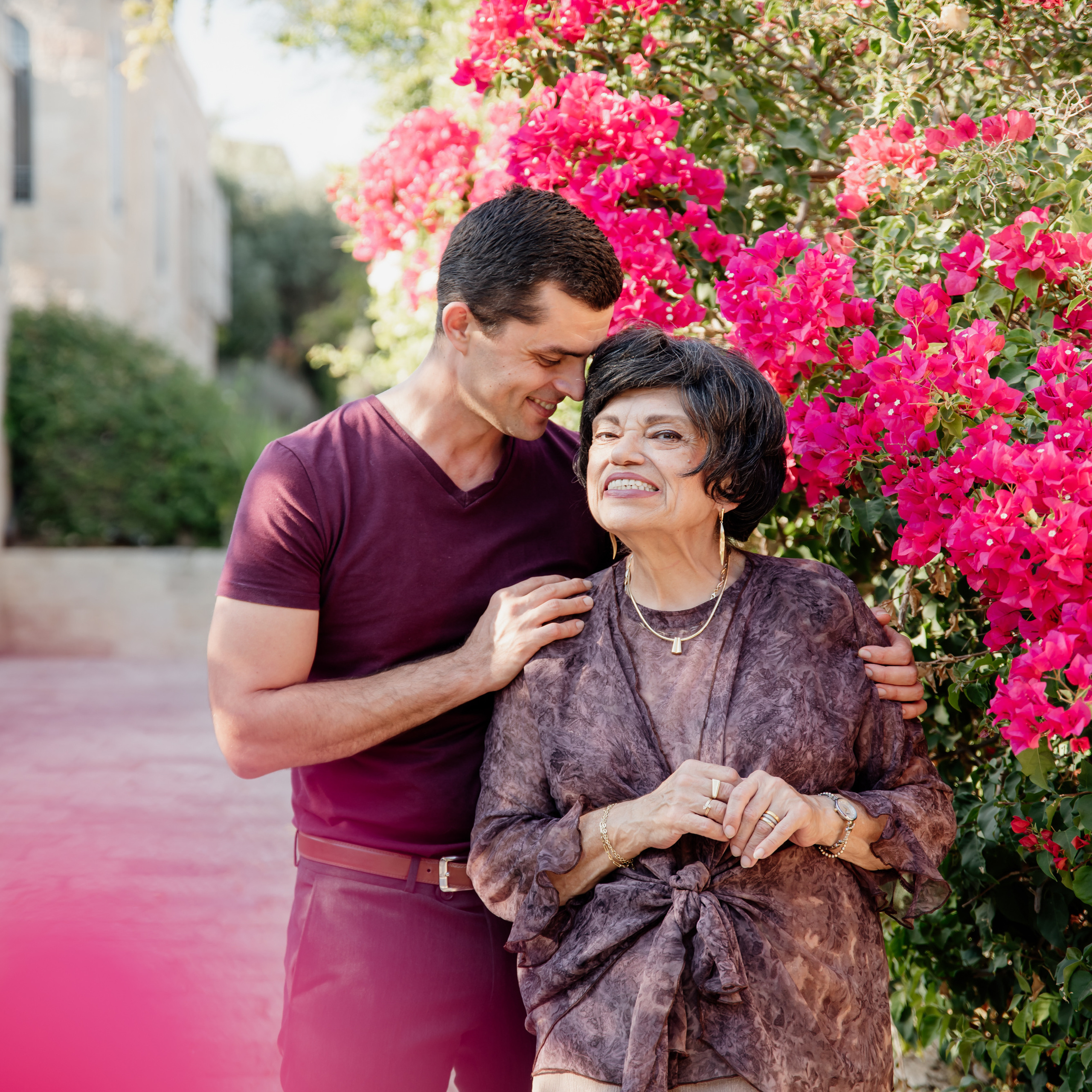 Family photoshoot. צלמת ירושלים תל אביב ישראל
---
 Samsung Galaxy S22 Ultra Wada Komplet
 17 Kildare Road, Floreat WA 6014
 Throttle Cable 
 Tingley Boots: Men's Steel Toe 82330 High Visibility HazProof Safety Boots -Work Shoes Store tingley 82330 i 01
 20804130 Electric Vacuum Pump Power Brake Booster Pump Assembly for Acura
---
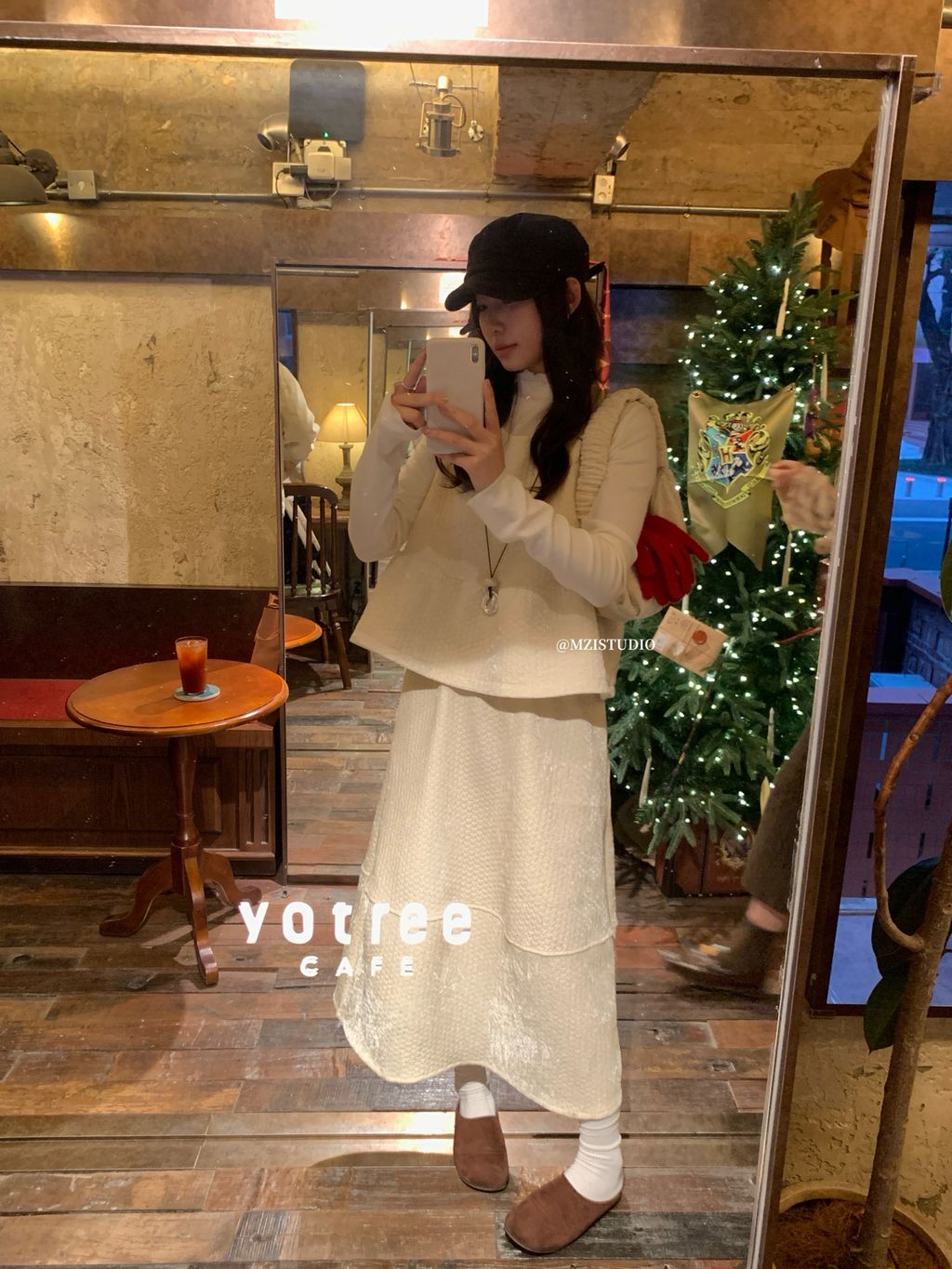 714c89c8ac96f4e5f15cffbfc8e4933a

#### Exercise details:
Print again the lines of the entries above that fall between the line holding "17 Kildare Road, Floreat WA 6014" and the line holding "20804130 Electric Vacuum", inclusive, exactly as they stand.

#### Result:
 17 Kildare Road, Floreat WA 6014
 Throttle Cable 
 Tingley Boots: Men's Steel Toe 82330 High Visibility HazProof Safety Boots -Work Shoes Store tingley 82330 i 01
 20804130 Electric Vacuum Pump Power Brake Booster Pump Assembly for Acura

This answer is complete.